由于您尚未指定要如何分隔地址,我假设地址块中的每一行都应转到单独的列。
为此,您可以使用足够的 XPath 查询来选择第二个表的 p-tags,例如
//*[@id="DispensingFacilities"]/tbody/tr/td/p/text()
然后遍历结果并从头开始创建表结构。以这种方式生成 CSV 现在有点复杂。有几种方式,如下图一种:
library(xml2)
library(magrittr)
library(rvest)
FLlist <- read_html("http://www.floridahealth.gov/programs-and-services/office-of-medical-marijuana-use/medical-marijuana-treatment-centers/index.html")
FLDispensaries <- as.data.frame(FLlist %>%
html_nodes("table") %>%
.[[2]] %>%
html_table(header = TRUE))
FLTable <- html_nodes(x=FLlist, xpath='//*[@id="DispensingFacilities"]/tbody/tr/td/p/text()')
#helper
trim <- function (x) gsub("^\\s+|\\s+$", "", x)

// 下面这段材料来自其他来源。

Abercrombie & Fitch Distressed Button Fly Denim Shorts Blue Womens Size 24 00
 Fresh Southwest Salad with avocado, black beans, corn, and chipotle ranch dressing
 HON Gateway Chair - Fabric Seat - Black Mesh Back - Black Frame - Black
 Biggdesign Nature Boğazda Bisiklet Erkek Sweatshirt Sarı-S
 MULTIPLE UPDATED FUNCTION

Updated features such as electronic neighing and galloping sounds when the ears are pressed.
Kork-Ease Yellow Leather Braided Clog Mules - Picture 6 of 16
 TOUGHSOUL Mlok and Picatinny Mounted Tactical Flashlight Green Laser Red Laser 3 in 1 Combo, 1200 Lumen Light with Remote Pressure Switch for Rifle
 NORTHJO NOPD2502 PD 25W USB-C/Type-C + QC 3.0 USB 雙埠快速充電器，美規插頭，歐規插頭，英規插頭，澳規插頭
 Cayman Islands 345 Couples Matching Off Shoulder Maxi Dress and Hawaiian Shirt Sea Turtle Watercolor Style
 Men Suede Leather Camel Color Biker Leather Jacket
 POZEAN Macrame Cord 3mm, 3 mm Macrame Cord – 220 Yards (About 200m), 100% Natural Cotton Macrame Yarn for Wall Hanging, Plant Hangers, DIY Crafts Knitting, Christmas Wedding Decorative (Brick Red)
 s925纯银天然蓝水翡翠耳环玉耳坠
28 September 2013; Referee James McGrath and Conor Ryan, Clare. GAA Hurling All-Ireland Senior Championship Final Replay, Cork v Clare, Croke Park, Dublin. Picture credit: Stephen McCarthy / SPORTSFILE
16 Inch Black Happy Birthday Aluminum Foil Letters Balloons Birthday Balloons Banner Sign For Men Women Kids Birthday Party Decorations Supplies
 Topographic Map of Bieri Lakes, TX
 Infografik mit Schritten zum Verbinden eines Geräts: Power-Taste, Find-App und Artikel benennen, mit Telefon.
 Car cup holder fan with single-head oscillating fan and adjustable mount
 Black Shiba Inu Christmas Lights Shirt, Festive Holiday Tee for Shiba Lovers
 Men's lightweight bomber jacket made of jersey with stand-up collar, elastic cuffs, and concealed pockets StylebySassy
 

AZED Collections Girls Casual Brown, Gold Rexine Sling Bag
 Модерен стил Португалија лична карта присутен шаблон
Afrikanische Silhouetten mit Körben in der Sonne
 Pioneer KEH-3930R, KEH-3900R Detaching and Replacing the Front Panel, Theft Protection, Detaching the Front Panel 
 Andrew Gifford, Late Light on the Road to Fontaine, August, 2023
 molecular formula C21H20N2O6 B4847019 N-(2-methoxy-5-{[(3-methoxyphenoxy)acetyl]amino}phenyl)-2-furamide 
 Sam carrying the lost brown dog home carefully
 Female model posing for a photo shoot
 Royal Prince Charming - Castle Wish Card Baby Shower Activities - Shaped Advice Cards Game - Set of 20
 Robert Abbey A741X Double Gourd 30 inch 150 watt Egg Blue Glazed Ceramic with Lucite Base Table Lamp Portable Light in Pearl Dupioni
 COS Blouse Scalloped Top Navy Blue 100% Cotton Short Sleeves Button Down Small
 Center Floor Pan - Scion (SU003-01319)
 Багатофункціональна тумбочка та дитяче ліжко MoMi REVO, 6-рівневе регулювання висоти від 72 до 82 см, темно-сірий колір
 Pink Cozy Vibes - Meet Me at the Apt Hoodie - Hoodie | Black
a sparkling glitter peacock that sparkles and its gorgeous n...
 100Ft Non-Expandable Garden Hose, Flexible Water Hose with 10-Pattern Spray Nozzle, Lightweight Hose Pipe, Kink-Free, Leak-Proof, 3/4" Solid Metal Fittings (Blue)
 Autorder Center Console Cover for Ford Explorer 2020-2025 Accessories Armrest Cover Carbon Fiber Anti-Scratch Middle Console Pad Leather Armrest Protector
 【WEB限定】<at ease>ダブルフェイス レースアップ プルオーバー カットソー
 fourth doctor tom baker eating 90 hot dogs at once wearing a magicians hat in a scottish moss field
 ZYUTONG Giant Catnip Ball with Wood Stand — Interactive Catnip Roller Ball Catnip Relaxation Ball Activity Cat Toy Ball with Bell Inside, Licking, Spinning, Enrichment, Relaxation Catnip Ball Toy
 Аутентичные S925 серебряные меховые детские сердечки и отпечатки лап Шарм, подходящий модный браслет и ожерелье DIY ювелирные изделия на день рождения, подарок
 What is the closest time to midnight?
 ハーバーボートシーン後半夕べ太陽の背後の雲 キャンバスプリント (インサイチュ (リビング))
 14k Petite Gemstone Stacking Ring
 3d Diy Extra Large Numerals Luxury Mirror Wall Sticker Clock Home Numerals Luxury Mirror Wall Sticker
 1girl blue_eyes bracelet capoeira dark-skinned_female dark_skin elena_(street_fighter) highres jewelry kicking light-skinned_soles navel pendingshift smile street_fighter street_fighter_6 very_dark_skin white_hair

mat<-matrix(list(), ncol=4)
li <- c()
row <- 0;
col <- 1;
for(i in FLTable){
li <- c(li,trim(html_text(i)));
if(col %% 4 == 0) {
row <- row + 1;
mat[[row]] <- li;
li <- c();
}
col <- col + 1;
}
#to matrix/list to dataframe
library(plyr)
mat.df <- as.data.frame(do.call(rbind, mat))
write.csv(mat.df, "FLTest.csv")
由于您只想获得实际地址,因此我将 XPath 更改为仅从第二个 tr 开始选择第二个 td
FLTable <- html_nodes(x=FLlist, xpath='//*[@id="DispensingFacilities"]/tbody/tr[position()>1]/td[2]/p')
li <- c()
row <- 1;
mat<-matrix(list(), ncol=2)
for (i in seq_along(FLTable)) {
addrlines <- str_split(xml_text(FLTable[[i]]), "\\s\\s")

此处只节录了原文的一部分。